First off, I'd like to say I think this is so fascinating. I've been interested in the idea of currency ever since I was a kid. I've always loved to imagine how currency got started, or to think about the vast network of exchange currency allows. I like to imagine treating each dollar as worth nothing but the work or good you provided to earn it, and tracing the exchange of real goods and services around.
It blows my mind. Treating dollars as dollars vastly simplifies things, but imagining the real goods and services being provided is an insanely complicated and beautiful thing to me. The fact that I have the entire history of transactions of bitcoins stored on my computer is pretty cool to me.
And now onto my two questions. I was reading https://en.bitcoin.it/wiki/Transaction_Fee
and I noticed from text under the inset picture that it says the account's btcs are made up of only .01 btc cents, which makes transactions require more data to be encoded into the block. Why? Are individual whole bitcoins "fragmented" and transferred around?

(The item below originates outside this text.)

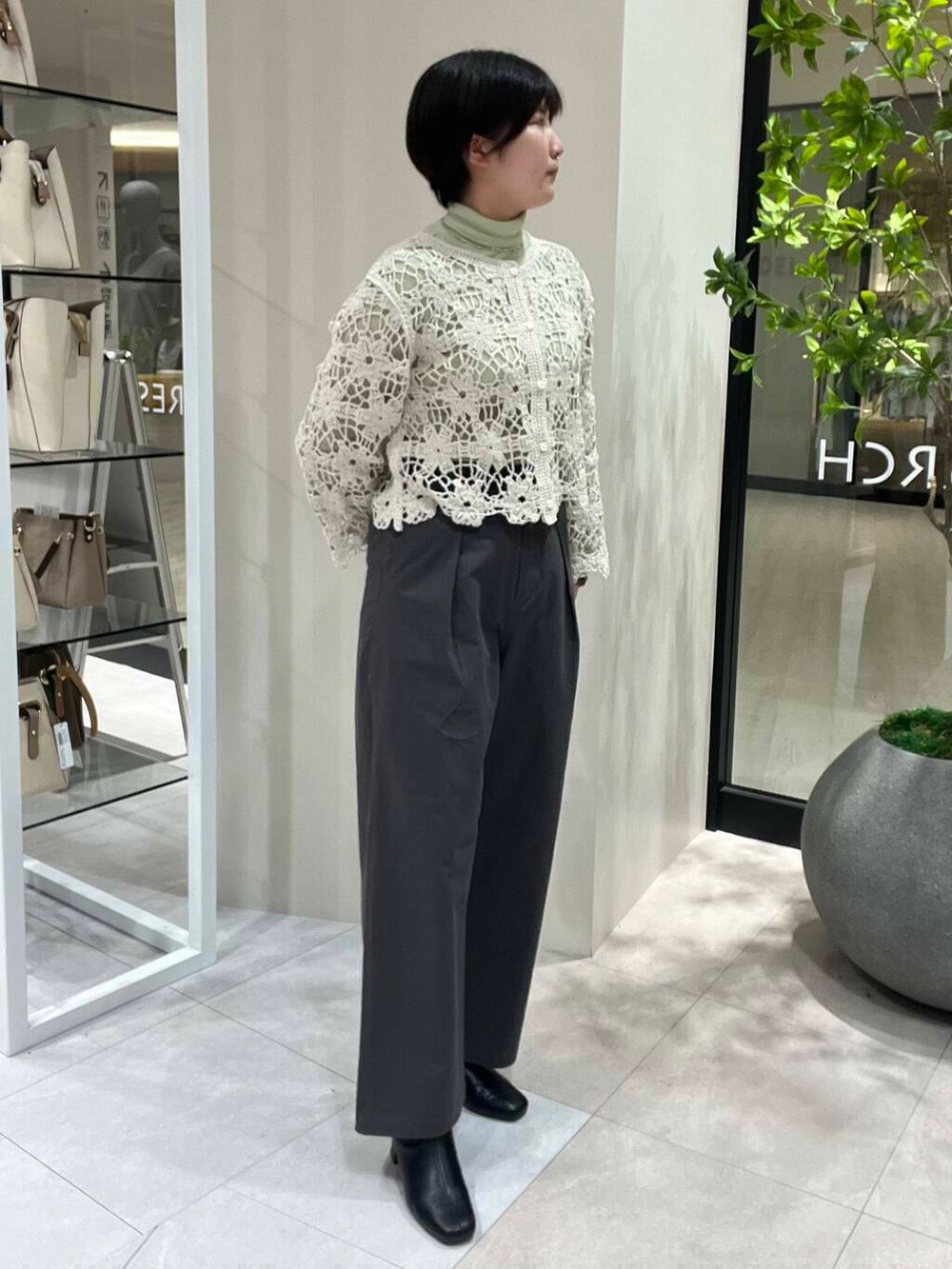 グレー系のその他パンツ、グリーン系のTシャツ/カットソー、ベージュ系のカーディガン/ボレロを着用したレディースの冬コーディネートの4枚目の写真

I got the .05 btc from the faucet, if someone else gave me .95 and then I later transferred 1 btc, would the recipient "really" receive .05+.95 btcs?
If that is the case, wouldn't bitcoins get more and more fragmented over time causing the average data to record transactions to go up?
And my other question is about block chain forks. From what I understand, it has a relatively low chance of happening, but when it happens are the two blocks essentially identical, or do they each contain slightly different transaction data? If that is the case, can bitcoins (other than the 50+fee generated) be lost? How often do forks occur, and how long do fork chains get?
Anyways, like I said, I absolutely love this whole concept and I hope it takes off. Its very interesting to me. I've already told my friends and family about this.
Oh, I have another question. If changes to the way the client works is necessary, how will you get everyone to upgrade to the new way without having to pause the economy? From what I've heard, bitcoin only works among people who use the exact same client. It makes sense that you could simply import the old blockchain into a new version, and then as people joined the new version it would continue on, but that requires that the economy is essentially put on hold.